## Assignment
Every line of the material must be given again verbatim. Skip the images.

## Dataset excerpt
◇ ◇ ◇ ◇ ◇ ◇ ◇
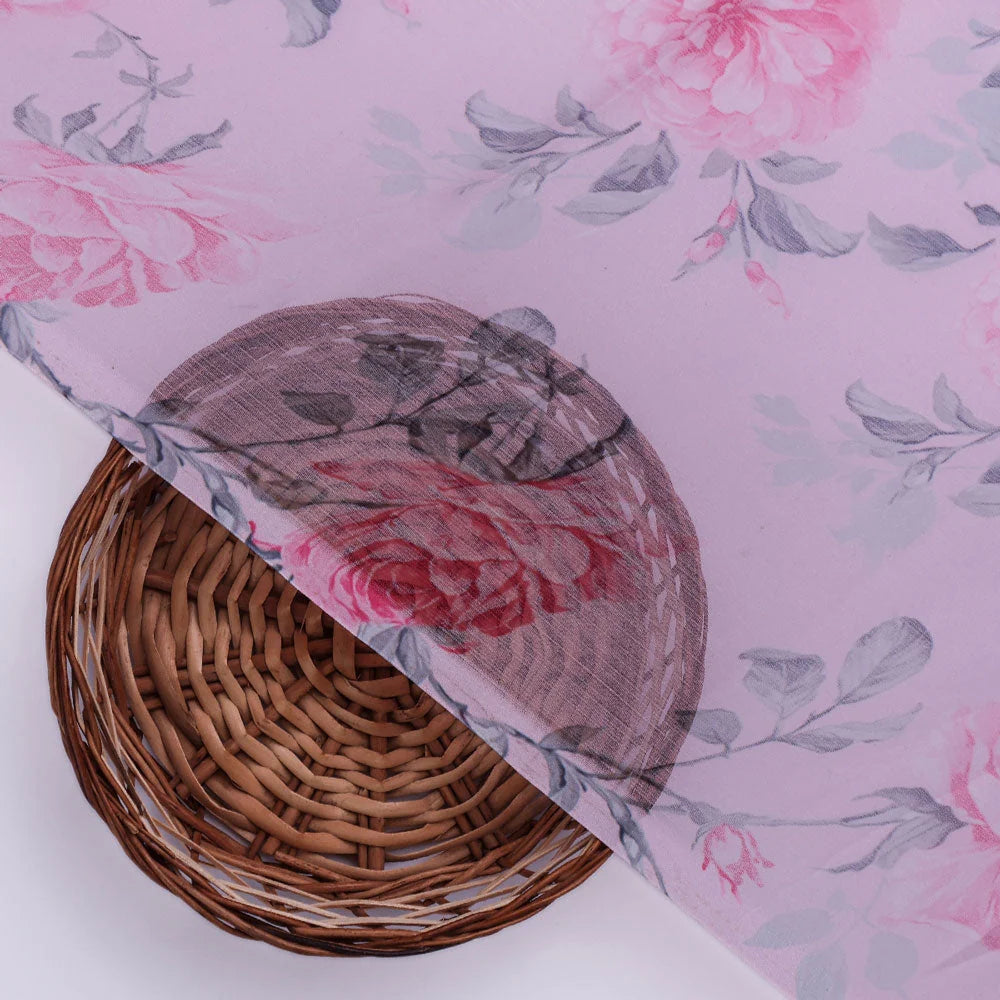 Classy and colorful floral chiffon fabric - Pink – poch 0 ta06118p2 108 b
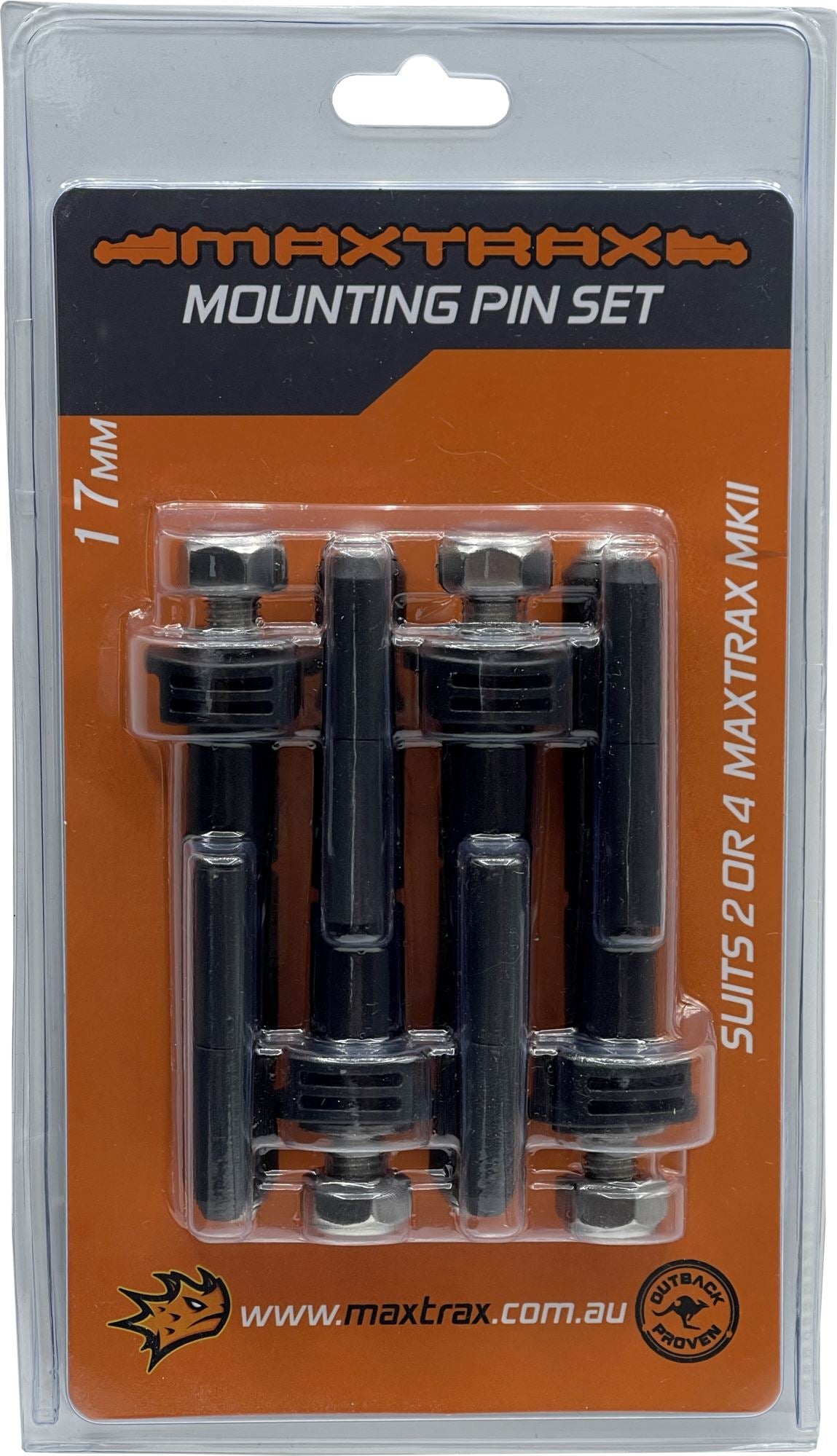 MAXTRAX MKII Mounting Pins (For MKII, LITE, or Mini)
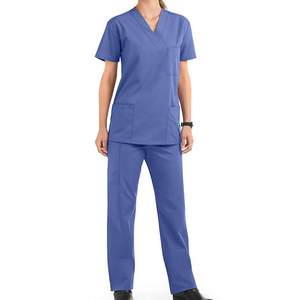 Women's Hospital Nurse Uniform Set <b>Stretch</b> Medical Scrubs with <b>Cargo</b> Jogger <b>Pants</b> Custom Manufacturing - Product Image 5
◇ ◇ ◇ ◇ ◇ ◇ ◇
## Solution to the exercise
 Classy and colorful floral chiffon fabric - Pink – poch 0 ta06118p2 108 b
 MAXTRAX MKII Mounting Pins (For MKII, LITE, or Mini)
 Women's Hospital Nurse Uniform Set <b>Stretch</b> Medical Scrubs with <b>Cargo</b> Jogger <b>Pants</b> Custom Manufacturing - Product Image 5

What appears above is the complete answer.